Horimiya – 06 [This Summer’s Going to Be a Hot One]

This week gave me just what I wanted from Horimiya: more clownish behavior from an absentee father whose daughter clearly resents him! The episode was bookended by dad scenes, which you’d think would provide the opportunity for at least one honest family conversation, but most of his dialogue led to punchlines instead. Complaining about being a stranger in his own home, failing to recognize Miyamura after his makeover, interrupting his daughter and her boyfriend just as they were about to kiss… These sorts of gags are typical of feel-good romcoms, but Kyousuke is far from a feel-good dad, so they feel out of place to me. This series has already shown us the scars resulting from Hori’s lack of attachment to her mom, so why is her father’s neglect being played for laughs? As a matter of fact, why is he still hanging around the house that he so rarely visits?

 

The obvious answer is ‘to check out his daughter’s new boyfriend,’ which I can accept as a short term goal. He even sleeps in the guest room with Miyamura (as opposed to his wife, which speaks volumes about their relationship), though that overnight stay has disastrous consequences at school the next day. It’s a little weird that Miyamura, who has so much experience being judged by others, didn’t think to stagger the time of his exit with Hori’s. It did push the story forward quite a bit for them to be discovered right away, and this is a one cour adaptation, so I get it. Miyamura responded quickly to the ensuing gossip, as well, but this is something I’m less sure about. His long hair served to disguise his piercings, which his middle school flashbacks framed as signs of alienation and rebellion, so cutting his hair should represent a turning point in his outlook on life. He doesn’t do it for himself, though – he does it for Hori, so that people will stop associating her with his gloomy appearance. I’d expect some amount of regret to surface in the wake of this decision, since it wasn’t internally driven, but I don’t know whether the show will have time to delve into that, or whether the source material explored it in the first place.

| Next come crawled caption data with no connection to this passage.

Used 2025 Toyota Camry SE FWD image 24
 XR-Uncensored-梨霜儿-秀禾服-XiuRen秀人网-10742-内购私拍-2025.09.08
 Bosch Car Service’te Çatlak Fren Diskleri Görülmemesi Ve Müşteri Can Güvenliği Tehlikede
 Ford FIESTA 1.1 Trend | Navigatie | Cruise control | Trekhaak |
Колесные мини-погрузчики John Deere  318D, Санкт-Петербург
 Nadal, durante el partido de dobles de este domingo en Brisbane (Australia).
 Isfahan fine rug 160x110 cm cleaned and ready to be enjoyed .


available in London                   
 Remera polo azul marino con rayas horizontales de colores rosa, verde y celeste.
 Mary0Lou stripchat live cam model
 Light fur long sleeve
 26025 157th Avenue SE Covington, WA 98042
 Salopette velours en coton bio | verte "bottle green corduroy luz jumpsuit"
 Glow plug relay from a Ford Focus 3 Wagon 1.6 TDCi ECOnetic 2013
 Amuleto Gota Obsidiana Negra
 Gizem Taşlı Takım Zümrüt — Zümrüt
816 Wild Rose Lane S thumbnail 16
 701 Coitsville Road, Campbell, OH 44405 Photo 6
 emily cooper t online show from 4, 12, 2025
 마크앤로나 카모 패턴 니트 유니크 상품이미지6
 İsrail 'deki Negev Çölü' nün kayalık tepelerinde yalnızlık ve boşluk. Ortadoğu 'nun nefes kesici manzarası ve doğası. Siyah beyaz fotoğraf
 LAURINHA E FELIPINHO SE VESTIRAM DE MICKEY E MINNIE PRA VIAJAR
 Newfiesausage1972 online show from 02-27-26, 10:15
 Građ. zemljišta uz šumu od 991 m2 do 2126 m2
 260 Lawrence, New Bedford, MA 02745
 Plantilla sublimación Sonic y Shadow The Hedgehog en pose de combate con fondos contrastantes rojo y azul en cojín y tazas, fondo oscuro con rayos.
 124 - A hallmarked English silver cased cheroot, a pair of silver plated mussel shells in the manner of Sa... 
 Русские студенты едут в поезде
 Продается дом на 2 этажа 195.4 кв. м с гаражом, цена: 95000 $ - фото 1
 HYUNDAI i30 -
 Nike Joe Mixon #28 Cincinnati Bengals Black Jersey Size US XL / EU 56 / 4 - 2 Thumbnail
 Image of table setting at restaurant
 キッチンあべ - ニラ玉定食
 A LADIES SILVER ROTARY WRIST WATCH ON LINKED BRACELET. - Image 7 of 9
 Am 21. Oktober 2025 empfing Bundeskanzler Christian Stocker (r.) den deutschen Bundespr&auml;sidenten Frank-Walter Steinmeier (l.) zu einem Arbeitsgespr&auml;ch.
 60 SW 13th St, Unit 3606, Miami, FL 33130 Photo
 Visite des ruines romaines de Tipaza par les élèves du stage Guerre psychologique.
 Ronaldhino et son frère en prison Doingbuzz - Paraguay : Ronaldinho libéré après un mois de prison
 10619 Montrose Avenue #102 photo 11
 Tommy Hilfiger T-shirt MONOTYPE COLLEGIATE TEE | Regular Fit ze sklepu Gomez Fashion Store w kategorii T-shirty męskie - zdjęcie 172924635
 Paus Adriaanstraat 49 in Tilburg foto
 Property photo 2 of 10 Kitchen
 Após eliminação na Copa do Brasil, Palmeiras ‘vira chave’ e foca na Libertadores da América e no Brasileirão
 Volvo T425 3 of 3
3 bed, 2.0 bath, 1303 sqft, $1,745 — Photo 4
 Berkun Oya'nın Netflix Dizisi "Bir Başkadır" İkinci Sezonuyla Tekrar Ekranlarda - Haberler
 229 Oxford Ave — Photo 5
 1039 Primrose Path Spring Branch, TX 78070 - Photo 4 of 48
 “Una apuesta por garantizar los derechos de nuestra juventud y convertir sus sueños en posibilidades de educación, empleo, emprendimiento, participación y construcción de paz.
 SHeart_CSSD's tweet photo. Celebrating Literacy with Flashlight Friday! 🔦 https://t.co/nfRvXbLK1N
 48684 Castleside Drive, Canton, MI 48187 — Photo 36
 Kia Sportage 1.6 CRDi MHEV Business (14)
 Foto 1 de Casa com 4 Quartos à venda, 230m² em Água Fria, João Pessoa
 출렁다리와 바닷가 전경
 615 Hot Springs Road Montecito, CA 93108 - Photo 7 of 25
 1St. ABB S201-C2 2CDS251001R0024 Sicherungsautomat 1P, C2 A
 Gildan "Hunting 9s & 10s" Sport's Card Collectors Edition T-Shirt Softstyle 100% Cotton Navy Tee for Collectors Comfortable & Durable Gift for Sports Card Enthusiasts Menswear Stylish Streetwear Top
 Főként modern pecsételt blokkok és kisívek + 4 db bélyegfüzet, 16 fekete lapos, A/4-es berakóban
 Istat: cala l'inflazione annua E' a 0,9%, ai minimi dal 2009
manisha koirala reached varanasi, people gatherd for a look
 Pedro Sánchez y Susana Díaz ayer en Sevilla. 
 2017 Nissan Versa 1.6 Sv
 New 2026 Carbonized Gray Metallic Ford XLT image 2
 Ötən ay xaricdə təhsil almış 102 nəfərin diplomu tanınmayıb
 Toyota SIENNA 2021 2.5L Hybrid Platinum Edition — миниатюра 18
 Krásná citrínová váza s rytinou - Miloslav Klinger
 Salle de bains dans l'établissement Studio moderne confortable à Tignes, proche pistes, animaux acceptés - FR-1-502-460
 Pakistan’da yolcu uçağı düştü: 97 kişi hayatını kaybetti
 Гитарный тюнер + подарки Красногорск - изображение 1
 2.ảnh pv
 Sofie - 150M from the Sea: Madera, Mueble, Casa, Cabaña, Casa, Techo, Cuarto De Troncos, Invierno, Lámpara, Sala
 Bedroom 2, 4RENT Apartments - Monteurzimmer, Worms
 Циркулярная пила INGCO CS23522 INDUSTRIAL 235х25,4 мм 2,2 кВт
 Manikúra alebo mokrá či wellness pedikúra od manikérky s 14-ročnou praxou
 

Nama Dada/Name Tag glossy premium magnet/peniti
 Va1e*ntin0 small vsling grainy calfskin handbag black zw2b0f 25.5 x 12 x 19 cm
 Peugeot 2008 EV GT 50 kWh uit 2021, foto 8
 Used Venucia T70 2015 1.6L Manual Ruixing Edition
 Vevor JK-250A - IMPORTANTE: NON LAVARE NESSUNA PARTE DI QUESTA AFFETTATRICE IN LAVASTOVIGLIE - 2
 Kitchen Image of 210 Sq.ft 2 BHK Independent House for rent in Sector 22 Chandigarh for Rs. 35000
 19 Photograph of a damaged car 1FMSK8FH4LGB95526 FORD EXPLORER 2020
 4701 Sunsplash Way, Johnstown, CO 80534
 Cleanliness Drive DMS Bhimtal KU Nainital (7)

This leap forward in Horimiya’s central relationship constituted the first half of the episode, so the second shifted its attentions to Honoka Sawada, a second year girl who seemed to have a crush on Miyamura. Gotta be honest – I fell for this bit of misdirection hook, line and sinker, since it happened just minutes after Miyamura’s transformation caused his female classmates to come flocking. Honoka was actually jealous of his closeness with Hori, though, a dynamic that would be a lot more interesting without all the accompanying ambiguity. Honoka seems to prefer girls because she’s “nervous around guys,” which we learned in an embarrassingly bad scene where Miyamura glared away a trio of wannabe pickup artists who had targeted her. And that nervousness is implied to stem from her older brother’s death – we don’t have the details about his passing yet, but I can’t understand how one would lead to the other. It all feels very tenuous. Can’t she just have a crush on Hori because she’s, you know, gay?

The show will have many more chances to flesh out Honoka’s character, since she’s neighbors with Miyamura, but one thing it’s already failed at is compiling decent backgrounds. I use the word “compiling” intentionally, rather than “creating” or “designing,” because there’s so little care put into them to start with. All you can hope for at that point is for the show’s various digital elements to form believable environments – but they don’t. The interior of Hori’s place has the artificial layout of a house you might see in The Sims, but I’ve been telling myself that it’s not a big deal because the show frequently cuts to screen tone backgrounds anyway. Miyamura’s apartment, on the other hand, is the straw that broke the blogger’s back. The computerized decor and sterile hallways on display here lack any sort of human touch. What’s worse is that they’re being produced in-house at CloverWorks, indicating a serious weakness in their art department – maybe this is just their D-team? Let’s hope that Horimiya is the only high-profile series that has to suffer this way, for the studio’s sake.